There’s just one problem: Each of the board’s 15 members has to be confirmed by the Senate. That means filibusters and 60 vote requirements stand in the way of staffing a panel that Republicans decry as a government rationing board. And months ahead of the nominations, they’re telling Obama “good luck with that!”

“I think it would be pretty tough,” Sen. Orrin Hatch (R-UT), the top Republican on the powerful Senate Finance Committee, told TPM Monday, when asked about confirming Obama’s nominees to IPAB. “We don’t believe in rationing, nor do we believe in an unaccountable organization like that. I mean that’s crazy.”

“I’d have to think about that. If it were changed, then probably, but the way it’s constituted now, it’d be difficult,” Sen. Tom Coburn (R-OK), an influential conservative in the Republican caucus, said Monday in response to a question from TPM.

Complicating matters is that Obama’s own debt reduction plan involves vesting the panel with more power, not less.

This is all reminiscent of a recent Republican tactic on a different federal entity. Earlier this month the overwhelming majority of the Senate GOP caucus vowed not to confirm any nominee, Republican or Democrat, to head the new Consumer Financial Protection Bureau unless the agency’s powers are first weakened by statute. Getting around that will require Obama to make a recess appointment. Getting around a similar threat vis-a-vis the IPAB would require him to make 15 of them.

“At this point we haven’t had that discussion about IPAB in our conference, but as someone who supports repealing IPAB — and I know many members of our conference do, and are deeply concerned about how that board really is unelected and unaccountable — I can see those types of discussions being had within the Republican conference about whether that’s an appropriate step to take forward to address IPAB,” freshman Sen. Kelly Ayotte (R-NH) told TPM Monday.

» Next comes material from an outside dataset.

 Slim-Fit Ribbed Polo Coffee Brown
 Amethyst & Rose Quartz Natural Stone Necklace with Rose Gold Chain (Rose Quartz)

The nominations are a long way off — the four party leaders in the House and Senate each get a say over three nominees, and the White House hasn’t begun consulting with them on potential candidates. But it’s hard to imagine House Speaker John Boehner (R-OH) and Senate Minority Leader Mitch McConnell (R-KY) playing nice in those talks — particularly given the large appetite in their caucuses for repealing the board all together.

A Democratic aide familiar with IPAB’s progress paints a rosier picture. “Republicans and Democrats share the goal of reducing Medicare cost growth. We aren’t thrown off by the politics of the moment – if we were, health reform never would have happened. We’re confident IPAB will ultimately be able to do its work.”

The potential dustup over IPAB is another indication that when it comes to reforming Medicare — inarguably one of the key contributors to long term deficits and rising national debt — the two parties are as far apart on the fundamentals of how to tackle the issue as they’ve ever been. Top Congressional aides claim Medicare will be part of the ongoing debt talks led by Vice President Joe Biden, but it’s difficult to conceive of those talks resolving these foundational differences.

“Right now I don’t see any bipartisan agreement because the Democrats don’t want to talk about it,” Hatch said.